» WORK REQUEST:
Of the entries below, restate word for word only the section that runs from the line with "Radio solaire multifonctionnelle" to the line with "SMTE White Butterfly", counting both ends.
--------
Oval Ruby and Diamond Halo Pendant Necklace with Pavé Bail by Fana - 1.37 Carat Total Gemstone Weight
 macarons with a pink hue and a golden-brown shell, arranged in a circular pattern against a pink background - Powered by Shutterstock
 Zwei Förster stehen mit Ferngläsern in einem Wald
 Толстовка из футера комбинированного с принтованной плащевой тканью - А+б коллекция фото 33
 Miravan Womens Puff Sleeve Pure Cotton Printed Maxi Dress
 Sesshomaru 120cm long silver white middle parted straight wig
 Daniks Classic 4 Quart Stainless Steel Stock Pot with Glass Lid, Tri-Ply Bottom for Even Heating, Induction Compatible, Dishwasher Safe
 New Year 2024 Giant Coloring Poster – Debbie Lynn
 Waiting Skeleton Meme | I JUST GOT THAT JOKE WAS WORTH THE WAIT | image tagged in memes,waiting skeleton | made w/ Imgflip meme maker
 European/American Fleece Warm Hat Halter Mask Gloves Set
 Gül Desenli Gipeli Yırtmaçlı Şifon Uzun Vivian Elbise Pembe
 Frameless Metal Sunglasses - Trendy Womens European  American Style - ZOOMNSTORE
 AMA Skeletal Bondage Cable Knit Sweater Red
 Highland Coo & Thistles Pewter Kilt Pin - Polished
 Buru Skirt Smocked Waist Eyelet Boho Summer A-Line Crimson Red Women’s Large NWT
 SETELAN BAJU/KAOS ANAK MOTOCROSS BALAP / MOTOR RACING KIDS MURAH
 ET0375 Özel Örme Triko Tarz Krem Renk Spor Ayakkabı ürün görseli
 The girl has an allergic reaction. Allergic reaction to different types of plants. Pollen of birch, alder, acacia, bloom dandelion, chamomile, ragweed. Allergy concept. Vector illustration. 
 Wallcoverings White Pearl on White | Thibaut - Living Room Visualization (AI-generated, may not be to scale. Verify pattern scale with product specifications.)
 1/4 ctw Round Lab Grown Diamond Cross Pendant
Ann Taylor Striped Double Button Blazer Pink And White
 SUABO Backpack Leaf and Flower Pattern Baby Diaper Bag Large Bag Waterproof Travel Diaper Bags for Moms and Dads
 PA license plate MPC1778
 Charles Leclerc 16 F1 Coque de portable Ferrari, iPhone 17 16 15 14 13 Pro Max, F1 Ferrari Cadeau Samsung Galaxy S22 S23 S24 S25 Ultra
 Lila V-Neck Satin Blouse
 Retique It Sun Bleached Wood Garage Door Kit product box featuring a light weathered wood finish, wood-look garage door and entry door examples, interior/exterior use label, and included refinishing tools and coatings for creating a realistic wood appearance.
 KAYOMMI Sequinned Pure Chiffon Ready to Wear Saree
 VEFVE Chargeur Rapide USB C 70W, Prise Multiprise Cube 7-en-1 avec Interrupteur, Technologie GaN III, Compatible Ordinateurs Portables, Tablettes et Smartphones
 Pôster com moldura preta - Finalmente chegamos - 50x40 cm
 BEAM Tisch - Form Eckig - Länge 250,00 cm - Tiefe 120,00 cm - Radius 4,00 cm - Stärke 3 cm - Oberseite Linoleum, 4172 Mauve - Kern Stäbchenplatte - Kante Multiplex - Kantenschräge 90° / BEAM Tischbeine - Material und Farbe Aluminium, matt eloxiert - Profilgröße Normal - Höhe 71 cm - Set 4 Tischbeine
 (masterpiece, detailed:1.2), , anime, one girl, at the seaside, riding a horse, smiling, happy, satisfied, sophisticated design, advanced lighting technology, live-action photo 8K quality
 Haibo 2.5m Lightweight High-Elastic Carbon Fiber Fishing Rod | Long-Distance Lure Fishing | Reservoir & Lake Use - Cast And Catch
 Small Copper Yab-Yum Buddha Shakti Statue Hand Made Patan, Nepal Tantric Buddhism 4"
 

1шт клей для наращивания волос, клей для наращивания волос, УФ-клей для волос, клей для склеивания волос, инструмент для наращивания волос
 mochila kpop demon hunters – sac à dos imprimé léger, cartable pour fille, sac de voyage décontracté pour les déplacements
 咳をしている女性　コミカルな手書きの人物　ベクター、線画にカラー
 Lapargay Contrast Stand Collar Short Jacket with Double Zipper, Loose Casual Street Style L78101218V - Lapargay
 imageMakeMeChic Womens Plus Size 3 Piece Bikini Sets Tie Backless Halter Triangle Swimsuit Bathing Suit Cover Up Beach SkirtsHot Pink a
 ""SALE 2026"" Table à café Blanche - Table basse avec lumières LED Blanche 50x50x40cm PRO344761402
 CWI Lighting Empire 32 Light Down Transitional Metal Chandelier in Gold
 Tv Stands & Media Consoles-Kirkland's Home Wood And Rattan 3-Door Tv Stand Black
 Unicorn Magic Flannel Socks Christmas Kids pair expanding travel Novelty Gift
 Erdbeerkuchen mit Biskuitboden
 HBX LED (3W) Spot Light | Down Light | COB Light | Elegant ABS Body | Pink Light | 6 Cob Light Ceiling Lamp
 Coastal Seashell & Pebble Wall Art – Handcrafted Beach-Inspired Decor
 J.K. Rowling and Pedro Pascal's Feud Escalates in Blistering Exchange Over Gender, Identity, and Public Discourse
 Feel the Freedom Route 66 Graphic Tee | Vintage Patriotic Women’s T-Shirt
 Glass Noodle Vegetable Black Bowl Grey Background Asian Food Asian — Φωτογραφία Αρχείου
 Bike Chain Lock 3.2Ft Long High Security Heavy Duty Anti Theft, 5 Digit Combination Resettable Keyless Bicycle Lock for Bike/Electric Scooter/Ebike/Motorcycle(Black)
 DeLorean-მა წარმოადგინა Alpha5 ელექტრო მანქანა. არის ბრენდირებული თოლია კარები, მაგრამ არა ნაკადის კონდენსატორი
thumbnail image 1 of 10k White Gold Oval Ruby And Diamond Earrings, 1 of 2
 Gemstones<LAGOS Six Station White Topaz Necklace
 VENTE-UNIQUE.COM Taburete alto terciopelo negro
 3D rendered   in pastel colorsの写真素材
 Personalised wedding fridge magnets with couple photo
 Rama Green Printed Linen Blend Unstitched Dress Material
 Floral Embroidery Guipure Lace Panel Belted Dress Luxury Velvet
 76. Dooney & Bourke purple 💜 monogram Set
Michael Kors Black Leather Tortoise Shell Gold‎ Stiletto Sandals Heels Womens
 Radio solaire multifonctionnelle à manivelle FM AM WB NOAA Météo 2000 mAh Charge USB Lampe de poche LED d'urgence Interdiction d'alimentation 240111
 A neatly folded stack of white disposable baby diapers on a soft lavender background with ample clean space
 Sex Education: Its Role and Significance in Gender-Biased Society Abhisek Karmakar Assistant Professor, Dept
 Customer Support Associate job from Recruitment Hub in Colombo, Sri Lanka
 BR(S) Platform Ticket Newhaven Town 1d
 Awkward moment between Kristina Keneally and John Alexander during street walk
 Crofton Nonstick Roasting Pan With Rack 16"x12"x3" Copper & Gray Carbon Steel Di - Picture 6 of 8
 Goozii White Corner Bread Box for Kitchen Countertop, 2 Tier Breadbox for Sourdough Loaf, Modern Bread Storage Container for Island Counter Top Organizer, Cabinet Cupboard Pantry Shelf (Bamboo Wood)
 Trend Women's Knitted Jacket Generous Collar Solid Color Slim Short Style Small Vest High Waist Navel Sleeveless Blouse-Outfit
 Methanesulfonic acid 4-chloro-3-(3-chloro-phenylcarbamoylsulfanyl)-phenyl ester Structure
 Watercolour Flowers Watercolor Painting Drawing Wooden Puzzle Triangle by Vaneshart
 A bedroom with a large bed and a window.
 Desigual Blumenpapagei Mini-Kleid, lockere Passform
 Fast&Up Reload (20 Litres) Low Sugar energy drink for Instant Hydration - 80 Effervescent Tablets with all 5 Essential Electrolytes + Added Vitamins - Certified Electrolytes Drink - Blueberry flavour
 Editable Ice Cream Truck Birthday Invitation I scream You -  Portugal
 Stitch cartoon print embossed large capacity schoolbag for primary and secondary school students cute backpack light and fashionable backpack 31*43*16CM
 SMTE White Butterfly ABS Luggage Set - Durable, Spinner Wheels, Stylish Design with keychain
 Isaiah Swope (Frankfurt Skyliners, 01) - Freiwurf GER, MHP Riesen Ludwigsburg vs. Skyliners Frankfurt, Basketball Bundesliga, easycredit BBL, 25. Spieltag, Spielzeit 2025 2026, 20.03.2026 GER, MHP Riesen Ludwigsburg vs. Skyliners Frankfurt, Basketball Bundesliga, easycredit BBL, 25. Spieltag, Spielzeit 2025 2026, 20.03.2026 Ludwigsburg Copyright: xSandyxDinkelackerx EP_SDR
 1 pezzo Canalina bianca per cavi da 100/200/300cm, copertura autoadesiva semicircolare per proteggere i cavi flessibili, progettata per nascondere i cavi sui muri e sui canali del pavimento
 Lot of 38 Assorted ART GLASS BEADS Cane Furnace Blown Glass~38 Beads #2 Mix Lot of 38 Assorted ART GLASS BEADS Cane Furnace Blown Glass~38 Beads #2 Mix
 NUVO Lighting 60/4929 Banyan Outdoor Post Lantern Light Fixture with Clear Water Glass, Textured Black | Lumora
--------
» WRITTEN SOLUTION:
 Radio solaire multifonctionnelle à manivelle FM AM WB NOAA Météo 2000 mAh Charge USB Lampe de poche LED d'urgence Interdiction d'alimentation 240111
 A neatly folded stack of white disposable baby diapers on a soft lavender background with ample clean space
 Sex Education: Its Role and Significance in Gender-Biased Society Abhisek Karmakar Assistant Professor, Dept
 Customer Support Associate job from Recruitment Hub in Colombo, Sri Lanka
 BR(S) Platform Ticket Newhaven Town 1d
 Awkward moment between Kristina Keneally and John Alexander during street walk
 Crofton Nonstick Roasting Pan With Rack 16"x12"x3" Copper & Gray Carbon Steel Di - Picture 6 of 8
 Goozii White Corner Bread Box for Kitchen Countertop, 2 Tier Breadbox for Sourdough Loaf, Modern Bread Storage Container for Island Counter Top Organizer, Cabinet Cupboard Pantry Shelf (Bamboo Wood)
 Trend Women's Knitted Jacket Generous Collar Solid Color Slim Short Style Small Vest High Waist Navel Sleeveless Blouse-Outfit
 Methanesulfonic acid 4-chloro-3-(3-chloro-phenylcarbamoylsulfanyl)-phenyl ester Structure
 Watercolour Flowers Watercolor Painting Drawing Wooden Puzzle Triangle by Vaneshart
 A bedroom with a large bed and a window.
 Desigual Blumenpapagei Mini-Kleid, lockere Passform
 Fast&Up Reload (20 Litres) Low Sugar energy drink for Instant Hydration - 80 Effervescent Tablets with all 5 Essential Electrolytes + Added Vitamins - Certified Electrolytes Drink - Blueberry flavour
 Editable Ice Cream Truck Birthday Invitation I scream You -  Portugal
 Stitch cartoon print embossed large capacity schoolbag for primary and secondary school students cute backpack light and fashionable backpack 31*43*16CM
 SMTE White Butterfly ABS Luggage Set - Durable, Spinner Wheels, Stylish Design with keychain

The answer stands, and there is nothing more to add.